Israeli air strike in Syria - no surprise

Israeli Air Force F-16

During the night of 29-30 November. Israeli Air Force aircraft conducted strikes against targets near Damascus, Syria. The target locations were identified in various media as a weapons storage area of the elite 4th Armor Division (a regime protection unit) and a convoy on the Beirut-Damascus highway. The specific targets in both cases were reported to be weapons destined for Hizballah in Lebanon.

The Israelis have for years conducted these types of operations when what they call "advanced weapons" are about to be transported from Syria to Lebanon's Biqa' Valley, where they become part of Hizballah's arsenal.

"Advanced weapons" to the Israelis include, but are not limited to, air defense weapons and surface-to-surface missiles (SSM). Although it is impossible to prevent the transfer of man-portable air-defense systems (MANPADS) to terrorist groups, the movement of larger, radar-guided air defense missile systems is easier to detect. The same applies to SSM launchers.

Some of these weapons come from Syrian stocks, but most were en route Lebanon from none other than the Islamic Republic of Iran - yes, Iran, the world's primary state sponsor of terrorism. After the beginning of the Syrian civil war in 2011, Syria's weapons were used against its own people. Since then, most of Hizballah's weapons have originated in Iran.

The Iranians make no secret of the fact that they support Hizballah with money, weapons and training. They routinely fly Islamic Republic of Iran Air Force (IRIAF) Boeing 747 cargo aircraft or charter aircraft of IRGC-affiliated airlines laden with arms from Iran to the Damascus International Airport.

I know this from personal experience as the Air Attaché at the American embassy in Damascus - anyone could watch weapons crates from IRIAF aircraft being loaded onto trucks bearing the Hizballah emblem at the civilian cargo terminal at the airport.

One such flight took place on December 1 - here is an air traffic control plot of the IRIAF 747 freighter on its way to Syria.

Once the weapons, supplies and Hizballah fighters returning from training in Iran were loaded onto the Hizballah vehicles, the convoy would make the 35 mile trip to the Lebanese border (see map).

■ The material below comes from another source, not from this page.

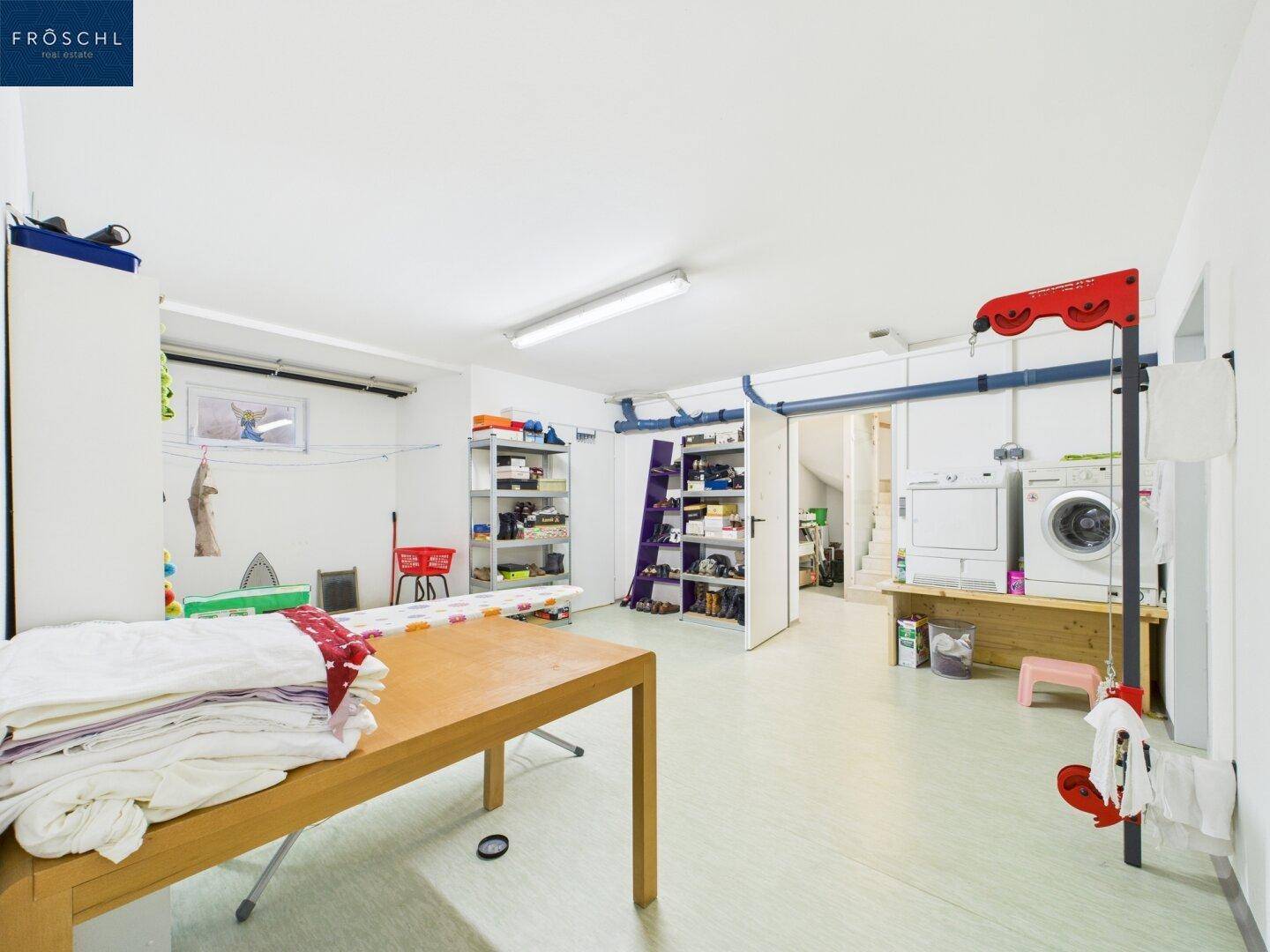 Großer Hauswirtschaftsraum mit Waschmaschine, Trockner und viel Stauraum.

This Israeli strike was based on intelligence information that Hizballah was being provided the "Buk" air defense missile system. The Buk missile system is a family of self-propelled, medium-range surface-to-air missile systems designed to shoot down cruise missiles, aircraft and drones.

There are variants known in the West as the SA-11 and SA-17* - the exact variant believed to be in this shipment is unknown, but either version would represent a significant upgrade in Hizballah's ability to counter Israeli air operations. This crossed an Israeli "red line" and triggered the attack.

I suspect that if the Iranians, Syrians and Hizballah attempt this again, the Israelis will react the same way.

* A Russian SA-17 was used to down Malaysian Flight MH17 over Ukraine in July 2014.